Simone Mogul (Philadelphia PA)
I am a mom of an adopted special needs child from Russia. Now 30 years old. She has blond hair and blue eyes my husband and I have brown hair and eyes. My daughter was almost 4 when we adopted her. I always thought it was important for families of adopted children to make sure their children did not have their cultural identities removed from them. My daughter kept her birth name we just added our family name on to the end of her birth name. We are secular and cultural Jews. She was baptized into the Russian church twice. Once at birth once when I went to adopt her. When she was younger we took her to the Russian church during the holidays. I found her birth parents and we went back to meet them. I believe it’s important to know your heritage and roots if possible. Now she has the knowledge and can choose what path she is taking.
lou andrews (Portland Oregon)
@Simone Mogul-I'm American of Ukrainian descent. Parents from the old country, they tried hard to instill those cultural roots mostly to a great failure. I'm a human being. End of story. I choose, there where's, the what's the how's in my life. Racial and cultural roots are secondary.
IGupta (New York)
While shopping, I recently wished a stranger with Asian origins a Happy Lunar New Year. I was not prepared for her response..."I do not celebrate Lunar New Year." I was surprised and wondered, and I guess she saw the wonder and confusion on my face as I myself come from a different country but really enjoy the customs and traditions of my origins even while living and being a US citizen and enjoying the customs of this country. She said to me that she was adopted, and we left it at that. I felt a bit awkward at the same time felt sad that she had not had the opportunity to explore the culture of her origins and did not identify with being of Asian origin at all. Or then, maybe she had...just did not feel or want to be a part of it. I don't know.

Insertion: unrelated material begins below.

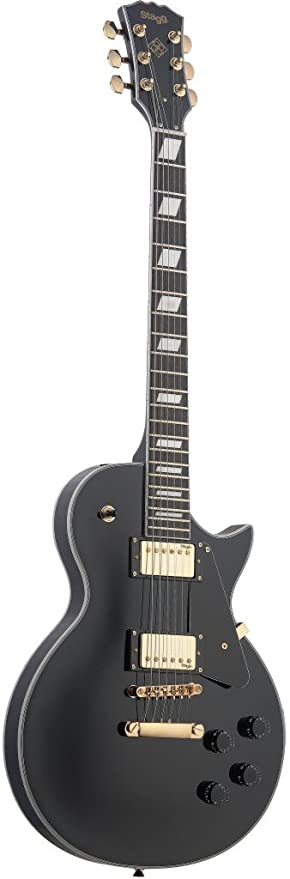STAGG LES PAUL IN BLACK W/GOLD HARDWARE - Music Planet New Zealand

It will make me think twice the next time before assuming.
beth (florida)
As the parent if a Korean adoptee he is very unhappy when these assumptions are made about him and finds people who make them to be horribly ignorant. One of his favorites is assuming he is going to study math or science in college... Asians are good at math right? We all need to stop with the identity politics in this country. And identity politics, when they are foisted on others through casual assumptions are infuriating. Lastly, schooling pure ignorance is not a bad thing.... so, just for the record not “all” Asians are from the same place or share a heritage. To put it in context, would you ask red headed Mary O’Hare if she enjoyed her Christmas? Probably not. So, use this logic to retrain your brain when you spot “an Asian” and TRY to be one of the people who rise above identity politics and let people be themselves.
Ray (Idaho)
@IGupta, Perhaps it is best not to make visual assumptions. Would you say Happy Kwanzaa to someone who was black that you came upon in a store? Especially if you are not black? Happy Passover to someone who visually appears Jewish? Why do we have to make visual assumptions? Your heart was in the right place but it is just a different kind of racial hot boxing that really isn't helpful.
GY (NYC)
Dissonance from the expectation of who you should be, based on your external appearance, and who you actually are, based on your actual life and experience. This constant background noise can either feed or steal from your confidence, comfort, well being, ability to accept love and uncertainty And it is all part of the process of getting to where you understand and accept who you are, as a priority over who you should be, along with a certain sadness and sense of loss and longing for what might have been.
Nan (Paz)
Your comment is incredibly insightful. Thank you.
Ginger (N.Y.)
You absolutely nailed it! People raised by their family of origin in their own country can feel this same sense of not belonging if they don’t resonate with their culture of origin and struggle to adapt, especially in multi racial families. I am suddenly reminded of a treasure of a book The Color of Water. Thank you for your response.